Ketiga, kaum liberal (sekuler) kini telah menggunakan power (kekuasaan) untuk memaksakan ide-idenya. Sebagaimana diketahui, penentangan terhadap poligami, adalah sikap kuno kaum liberal sejak Muhammad Abduh menolak poligami dalam tafsirnya al-Manar. Intinya, adil sebagai syarat poligami, mustahil dipenuhi oleh manusia walaupun dia sangat menginginkannya. Jadi, poligami itu haram. Demikian ilusi kaum liberal. Ayat yang selalu diulang-ulang kaum liberal untuk melarang poligami adalah QS An-Nisaa ayat 129,"Kalian sekali-kali tidak akan dapat berlaku adil di antara isteri-isteri kalian, walaupun kalian sangat ingin berbuat demikian." Padahal keadilan yang mustahil ini, bukanlah keadilan dalam segala hal, tapi sebagaimana kata Ibnu Abbas, adalah keadilan dalam hal rasa cinta (mahabbah) dan gairah (jima') terhadap para isteri. Ini mustahil sama.

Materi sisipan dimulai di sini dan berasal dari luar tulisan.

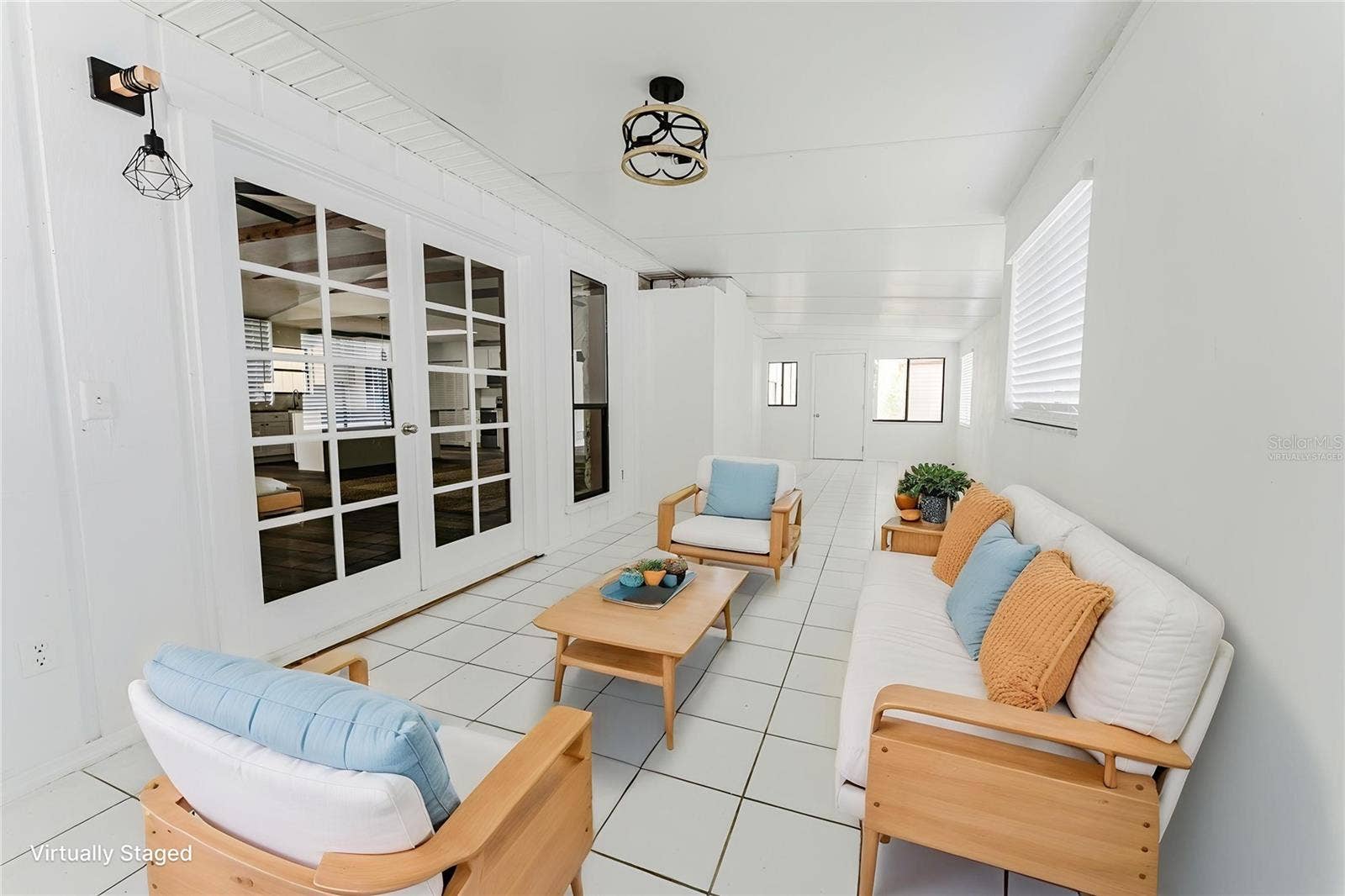 96 E BAYSHORE DRIVE, Port Orange, FL 32127 Virtually StagedBack Enclosed Porch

Sedangkan keadilan yang wajib dilakukan suami yang berpoligami, sebagaimana QS An-Nisaa ayat 3, bukanlah keadilan dalam masalah cinta dan gairah, melainkan keadilan dalam nafkah, yakni sandang, pangan, dan papan. Jelas, dalam masalah ini manusia mampu berbuat adil, bukannya tidak mampu. Maka, ketika Nasarudin Umar mencela poligami dan bahkan main ancam kayak preman kepada para kyai dan ustadz, jelas ini fenomena pemanfaatan kekuasaan untuk memaksakan pandangan liberal kepada umat Islam. Walau Nasarudin Umar berposisi sebagai Dirjen Bimas Islam, publik juga tahu posisinya sebagai penyambung lidah dan pikiran kelompok liberal. Walhasil, kaum liberal yang konon menabukan pemaksaan pendapat, kini secara inkonsisten tengah memperalat kekuasaan dan undang-undang guna memaksakan pendapatnya dengan paksaan yang sangat otoriter. Karena sanksi pidana akan dijatuhkan kepada orang Islam yang tidak setuju dengan paham liberal yang mengharamkan poligami.

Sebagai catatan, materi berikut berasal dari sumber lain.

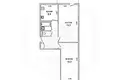 Квартира 2 комнаты 47 м² Мухавецкий сельский Совет, Беларусь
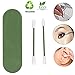 Produktbild Wiederverwendbares Wattestäbchen Waschbar Sicherheitssilikon Wattestäbchen Ohrreinigung Kosmetische Wattestäbchen Stifte Doppelköpfiges Silikonrecycling Wattestäbchen Beauty Tool (green)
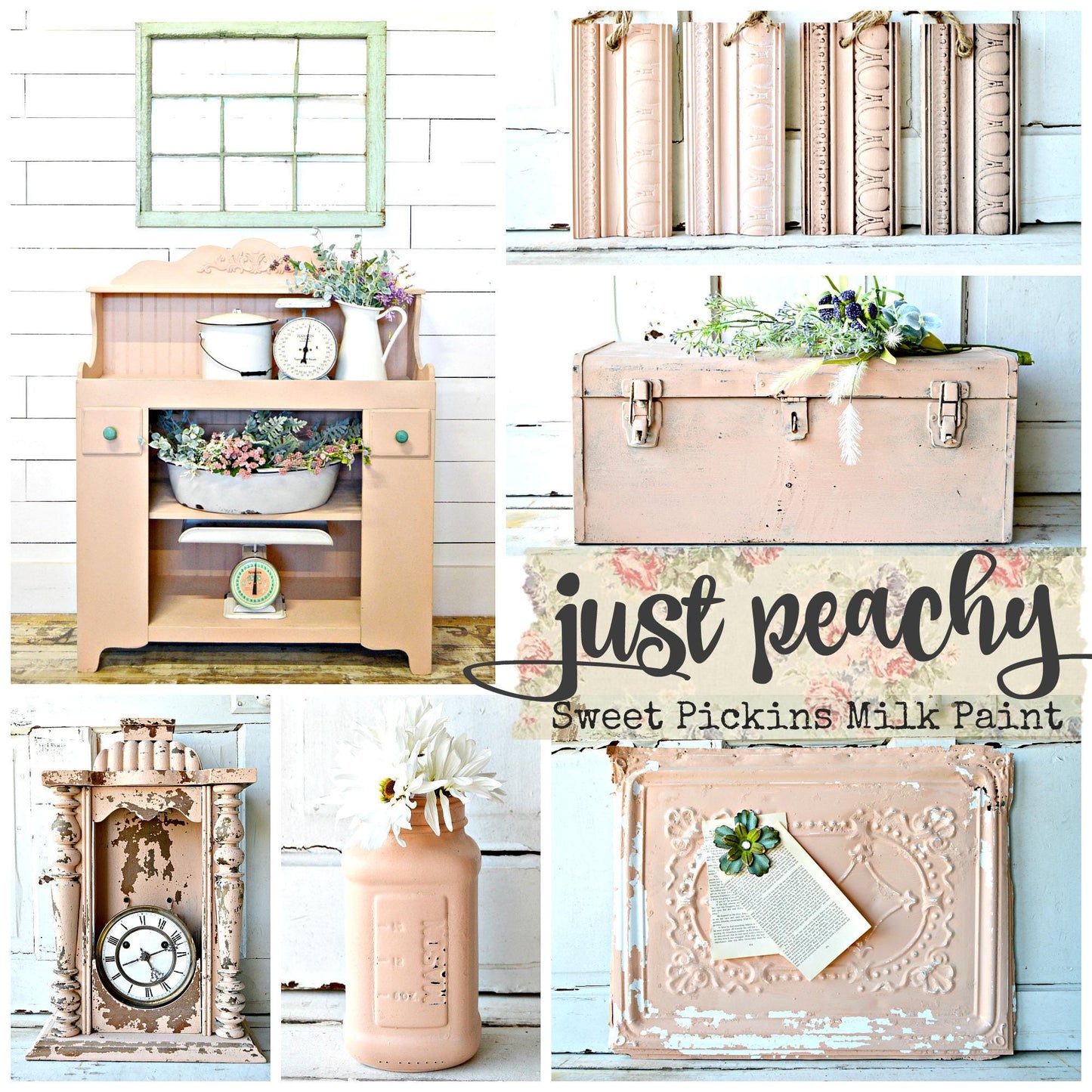 Sweet Pickins Milk Paint - Just Peachy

Maka, sudah waktunya kita semua menyadari keadaan kita saat ini. Pemerintah sekuler yang tidak punya pedoman moral, kini telah bersekongkol secara keji dengan kelompok liberal yang menjadi birokrat, untuk memaksakan pendapat mereka dan menghukum secara otoriter kepada siapa saja yang hendak melakukan poligami. Wahai umat Islam, apakah Anda rela mempunyai pemerintah sekuler yang tidak mampu membedakan antara poligami yang halal dan zina yang haram?

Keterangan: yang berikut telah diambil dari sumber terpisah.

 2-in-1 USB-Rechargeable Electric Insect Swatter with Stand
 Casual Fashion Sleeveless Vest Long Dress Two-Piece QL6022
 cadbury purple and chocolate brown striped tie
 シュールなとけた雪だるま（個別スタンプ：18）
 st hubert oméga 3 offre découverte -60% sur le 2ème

Wahai umat Islam, apakah Anda rela kelompok liberal yang jahat memaksakan pendapat-pendapatnya yang sesat dengan memperalat pemerintah sekuler ini? Wahai para ustadz dan kyai, apakah Anda rela masuk penjara karena melakukan poligami atau menikahkan seorang laki-laki yang berpoligami?